For a second straight day the Yankees went into full damage control to defuse simmering controversies involving first Jorge Posada then Derek Jeter. ...
Early Monday, Yankees officials were expressing irritation at Jeter for exonerating Posada for wrongdoing in the aftermath of the DH's refusal to play Saturday night after being placed ninth in the starting lineup.
With the discord being widely reported, Hal Steinbrenner ordered a conference call that included him, team president Randy Levine, GM Brian Cashman and Jeter. ...
The parties on the phone agreed to agree that there was misinterpretation of Jeter's defense of Posada and the club issued a statement Monday acknowledging the call. ...

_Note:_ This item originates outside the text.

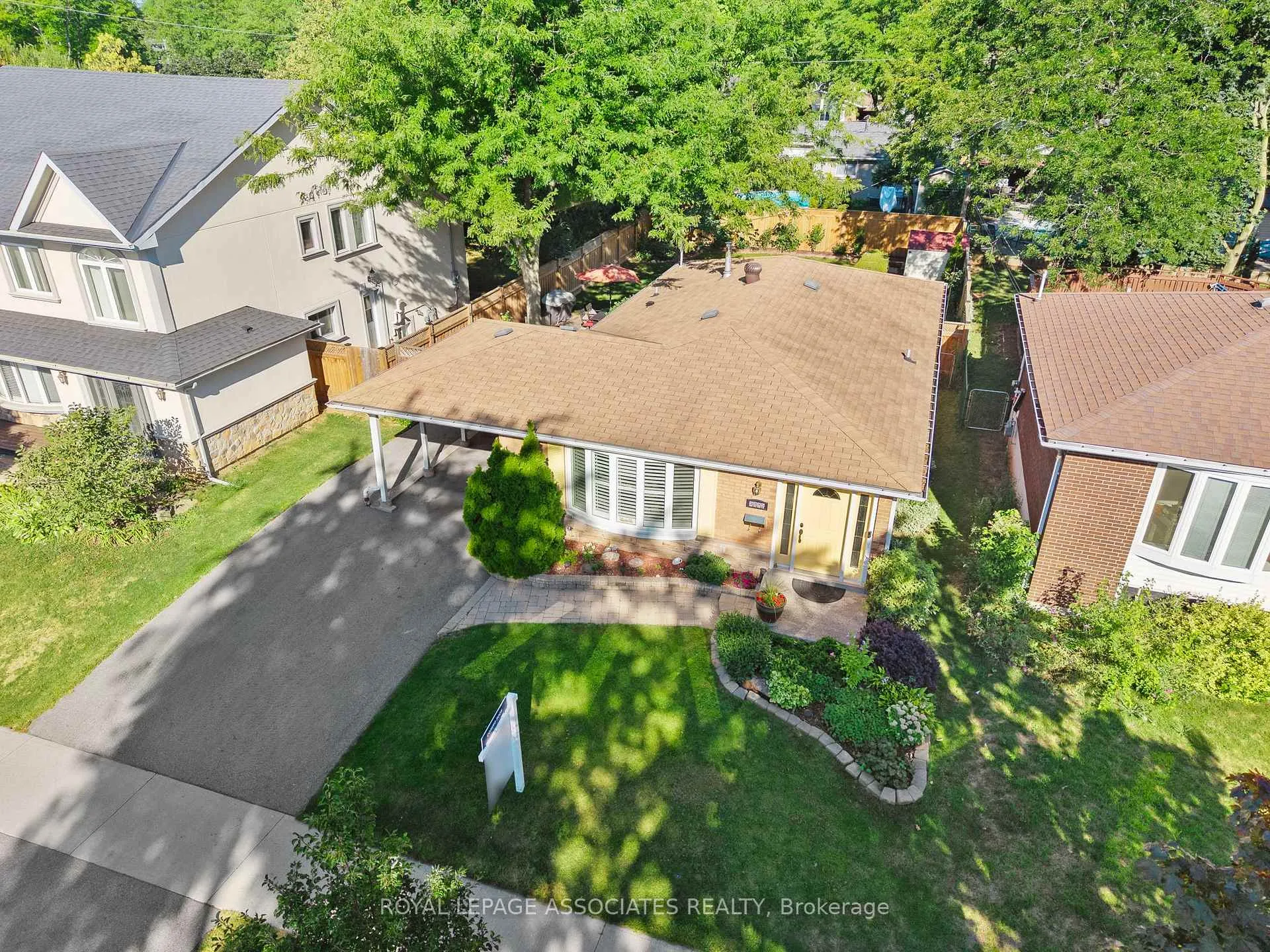 Photo 6 of 5285 Cindy Lane, Burlington, Appleby — HOMEH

That the Yankees found Jeter's words so problematic merely underscores the deteriorating relationship between the icon and the franchise.

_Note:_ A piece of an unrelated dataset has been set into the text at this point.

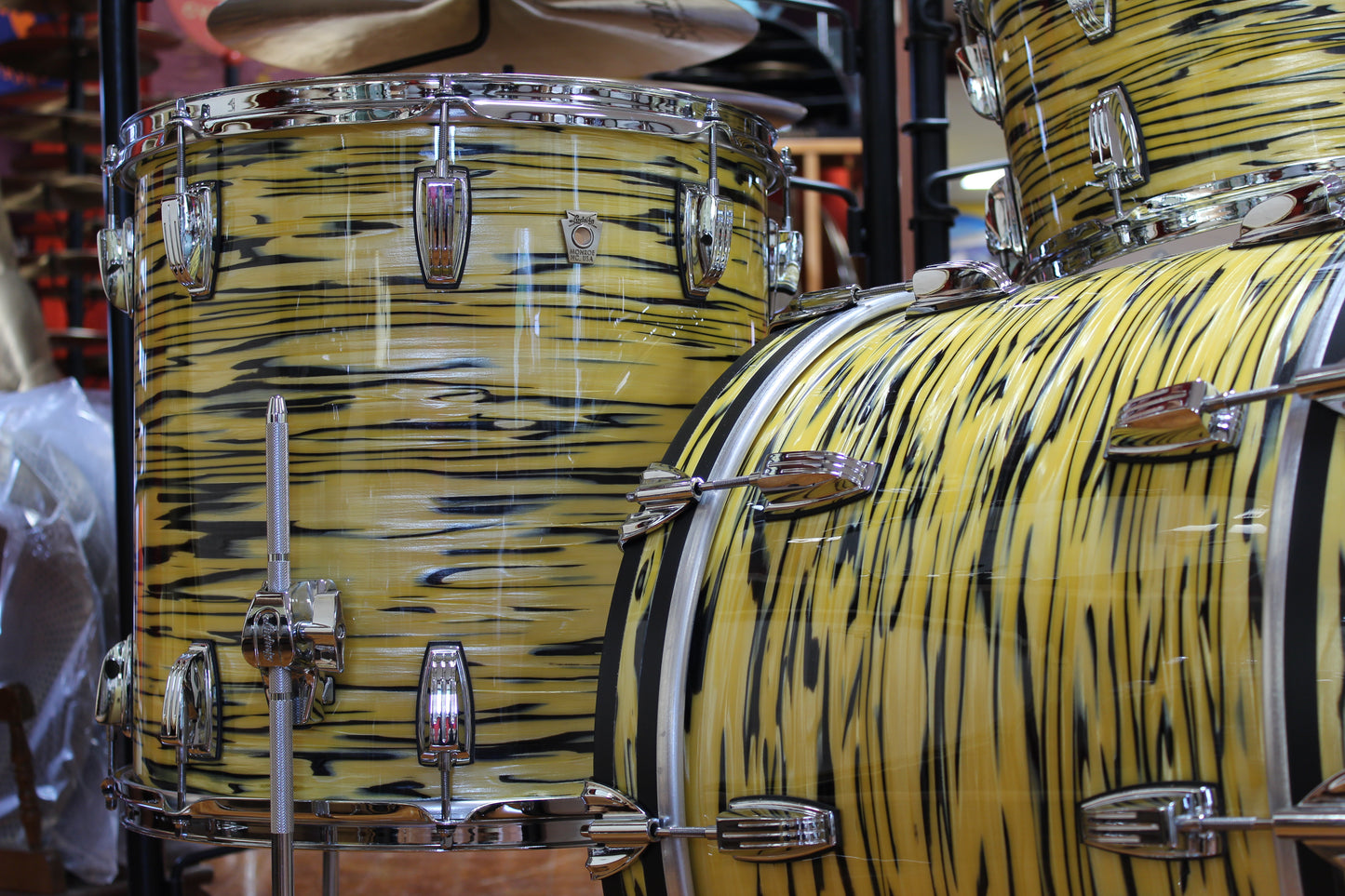 '23 Ludwig Classic Maple in Lemon Oyster 14x22 16x16 9x13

Add A.J. Burnett to the Yankees' long list of problems.
Burnett, arguably the Bombers' most consistent starting pitcher this season, ... suffered a 2010-like meltdown. ...
Pitching with a 5-1 lead, Burnett breezed through the fifth. The sixth? That was a different story. John Jaso doubled and Sam Fuld homered to start the sixth, cutting the lead to 5-3. Burnett retired the next two batters, but those were the last outs he would record.
Evan Longoria singled, advanced to second on a wild pitch and scored on Matt Joyce's single, reducing the Yankees' lead to one run. Joyce moved to second on Burnett's second wild pitch of the inning, then Upton crushed a 2-2 curveball into the left-field stands, putting the Rays ahead ...
Kyle Farnsworth - yes, that Kyle Farnsworth - closed it out for his eighth save.
As one of the team's most reliable starters this year, Burnett hopes that one bad inning won't spark all of the here-we-go-again talk that he has worked to avoid since his first day back in uniform this year. ...
The Rays had not scored more than five runs in a home game all season, but they were able to take care of that tricky statistic in just one inning, battering Burnett in a five-run sixth that saw nine batters come to the plate.
On a day the Yankees wouldn't let the odor of Posada Gate drift into the Gulf of Mexico they continued to stink on the field. ...
[Derek] Jeter and his underachieving teammates coughed up a four-run lead to the Rays on the way to a disheartening 6-5 loss ... It was the Yankees' sixth straight loss and that is a season high ... The Yankees have dropped 10 of 13. ...
Rubbing salt in the raw wound was former Yankee bust Kyle Farnsworth producing a perfect ninth to secure the victory and his eighth save. ...
Rodriguez is in a 3-for-23 (.130) funk. ... Jeter is in a 3-for-18 (.167) slide.
Winning teams on hot streaks are almost charmed by the process of the nine-inning challenge, figuring out a different way to win today than they did yesterday.
The losing streak is something else altogether: Each inning presents a hazard. What can go wrong now? Who'll be the culprit? The pitchers? The hitters? The fielders? All of the above? ...
[T]he time is rapidly approaching when dismissing this rancid stretch of ball as the product of a "small sample size" will no longer be allowed. ...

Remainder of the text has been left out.